Remember, first and foremost, that this is a starting point. You don’t have to buy into everything to keep the conversation going. And beware misinformation.

Take, for example, the proposal to eliminate the mortgage interest deduction in return for lower tax rates. Several of my Democratic friends have objected to this, loudly.

[Take our poll: Will the Deficits Commission Chairs’ Proposals Work?] 

But read closely and you will see that two of the four suggested plans that Simpson and Bowles offer to reform the tax system actually maintain the mortgage interest deduction. The chairmen offer a menu of options to get to flatter rates, not an imperial order.

As I noted last week, I have serious reservations about making folks work to 69 to claim full Social Security benefits. It’s a literally painful demand to make of someone who has a desk job, much less an aging laborer. Yes, age expectancy is growing--because we are keeping old folks with debilitating illnesses alive longer, not because we have found some elixir that frees 69-year-olds from cancer, arthritis, or heart disease.

[Read the U.S. News op-ed debate: Should the Retirement Age Be Raised?]    

But, again, read the fine print, not the media shorthand. Bowles and Simpson suggest that we gradually raise the age to 69--in the year 2075! Who knows what the quality of life for today’s children will be then? Or our economic situation. And the proposal includes a hardship exemption for workers who can’t keep fixing cars and refrigerators, moving pianos, or building houses past the age of 62. There’s lots of ways for liberals to toy with this.

So, here are my reasons why the left should not declare the report dead on arrival.

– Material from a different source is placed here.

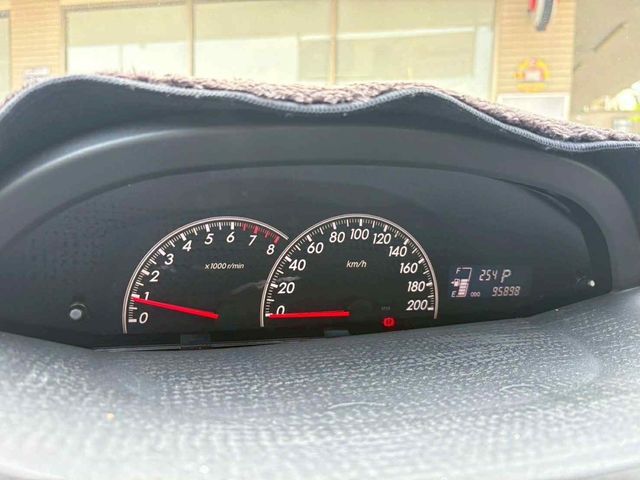 TOYOTA豐田 YARIS  第5張相片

  1. It builds upon Obamacare, and would lock the hard-won healthcare reform plan in place. And 40 million, mostly working class Americans, will indeed get coverage. [Read more about healthcare reform.]
  2. It saves Social Security. No wacky private accounts, with billions in fees heading to Wall Street. And a new minimum benefit to keep low-income workers above the poverty threshold.
  3. It protects Medicare. Or at least as much as any legislative deal can. The proposal would cap federal healthcare costs at the growth of GDP plus 1 percent.
  4. It does away with the tax code’s preferential treatment of capital gains and dividends, and the awful Alternative Minimum Tax, and offers fairer and flatter rates for the overwhelming number of working-class Americans who take the standard deduction.
  5. It treats the Pentagon budget with the same cold eye it casts on domestic spending, suggesting that we pare $100 billion from the military budget.
  6. It does away with $3 billion in farm subsidies every year, and ends tax breaks for the oil and gas industry.
  7. It doubles the federal gasoline tax and applies much of the revenue to mass transit, nudging America toward energy conservation and away from reliance on foreign oil. [Read more about U.S. energy policy.]
  8. It stops and then reduces the cost of interest payments on the federal debt, which are a silent, mortal threat to all liberal dreams and programs.

All this has to be negotiated, and the devil is in the details. We can do it now, or we can wait and do it in a crisis. Either way, it’s going to get done.

The Simpson-Bowles proposal has not arrived with the usual distributional analysis of who wins and who loses, and the left--and all of us--should fight like wolverines to kill a deal that furthers the already dangerous levels of economic inequality in the United States.

That said, the final, and perhaps overriding reason for the left to buy into Simpson-Bowles is political.

Barack Obama and Democratic House and Senate candidates are going to have to win a lot of votes in 2012 from moderate and independent voters who have not joined the Tea Party, but remain alarmed about the long-term effects of the federal debt. These voters want an economy that creates jobs, and safety net programs that rest upon a reliable fiscal foundation. They are furious at the kind of partisan bickering and political selfishness they see in Washington.

[Check out our editorial cartoons on the Tea Party.]

The right sort of budget deal could make Obama look like the post-partisan statesman he promised to be, and help him in states he won last time--like Virginia, North Carolina, and Indiana--that look far from promising today. And if it is the Republicans who back away, then Obama has exposed their pandering and hypocrisy.

Or maybe progressives think there is a more liberal politician out there who can beat Obama in the Democratic primaries and, running on a hard left platform, capture the White House in 2012.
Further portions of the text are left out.